You’ve made your first mistake. As cliché as it sounds, you won’t find it if you’re looking for it. Instead, make moves to create the position of your dreams (a place you feel valued and valuable, projects you’re interested in, opportunities that benefit from your talents, people you admire).
1. Skip small talk and have real conversations.
Schedule twenty-minute informational calls (or coffees) with people you respect to learn more about their work. Ask about the good, bad, and ugly bits of their industry. Then, find parallel roles in different fields and ask those individuals how they tackle similar challenges. Meaningful conversations build meaningful relationships.
And say thank you. You never know when your paths may cross. I’ve met strangers in Shanghai I’ve introduced to entrepreneurs in California. Your rolodex is one of your most prized commodities.
2. Know thyself.
What’s your anchor? You need something grounding you, a general direction you’re heading. It doesn’t need to be entirely specific, but you need a fencepost to harness your efforts (think of a laser beam vs. diffused light; concentrated anything is stronger and more effective).
Find a quiet place to relax with a cup of coffee and honestly assess what makes you miserable, what you’re good at, what you’d like to be doing, and what you can’t live without. Reserve an afternoon — or a week — to pay close attention to moments your heart flutters. Is it anxiety, excitement, or both?
3. Are you hunting or fishing?
You can look for freelance work or you can start writing articles about topics you’re passionate about. You can ask for job openings or you can volunteer a few hours of pro-bono consulting and evaluate a company’s needs. You can ask for references or you can send role models invitations to lectures that pertain to their projects.
By placing yourself in environments that highlight your strengths, you will attract opportunities and connections that are right for you. Just because you don’t have a job doesn’t mean you can’t start cultivating something great.
4. Walk with confidence. 
Unemployment doesn’t mean you’re less of a person. When you’re feeling down and out, it shows. Pay attention to your posture and the way you walk. If you’ve completed Steps 1-3, do so confidently, with your head high.
You have skills, you have talents; flaunt them. Your childhood, your struggles, your unique lessons and experiences all contribute to what makes you uniquely valuable. Make a list of your areas of expertise and fold it into your wallet if you’re needing an extra boost. 
5. Open windows and doors and screens and welcome everyone over for tea.

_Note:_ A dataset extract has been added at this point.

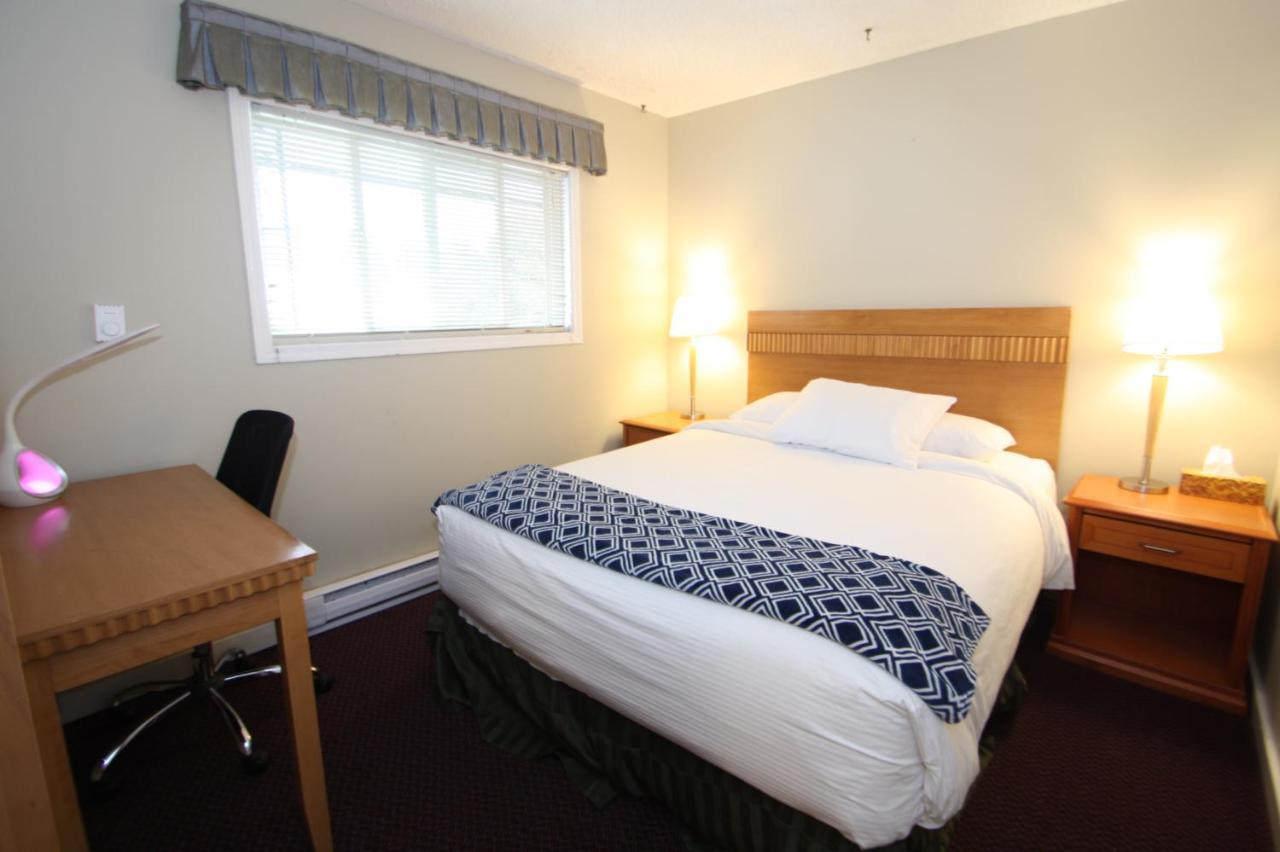 Harrison Spa Motel Harrison Hot Springs Extérieur photo
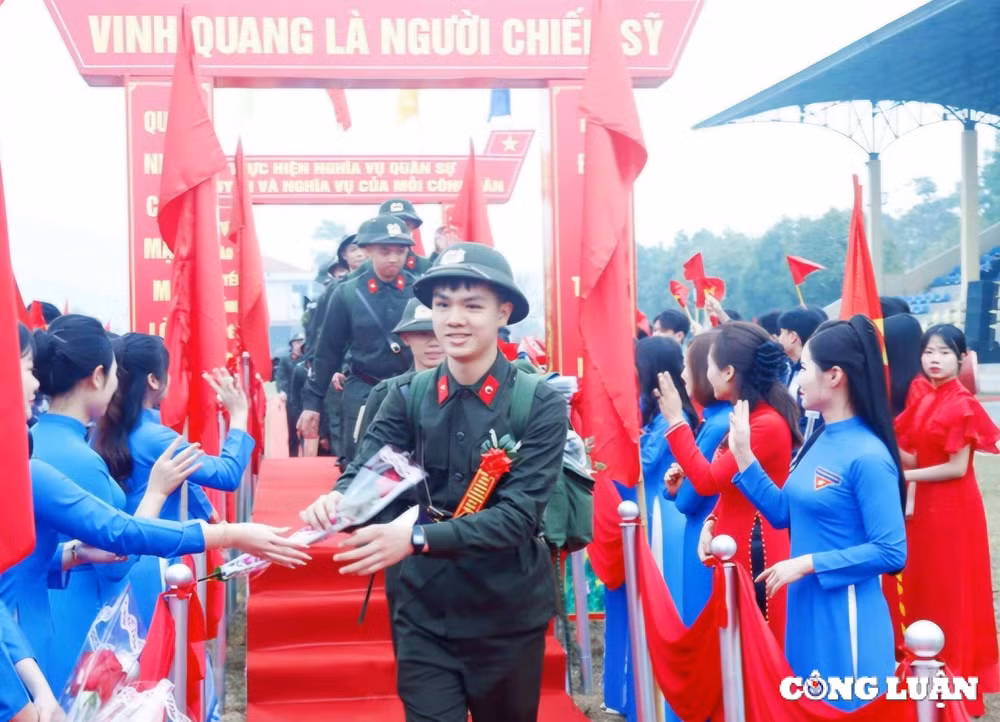phu tho phat huy truyen thong que huong trong le giao nhan quan 2025 hinh 4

If you can reframe “unemployment” as an opportunity, you’re on your way to gold. Imagine yourself as a traveler, an adventurer. There will be ups and downs, exhilaration and disappointment. Open up to all of it. It’s too easy to focus on one thing and dwell; you’ll think yourself into a frenzy, or worse yet, paralyze yourself from action. Force your anxieties to adopt a wider perspective and welcome whatever comes your way, regardless of form. If you allow it, your journey may surprise you.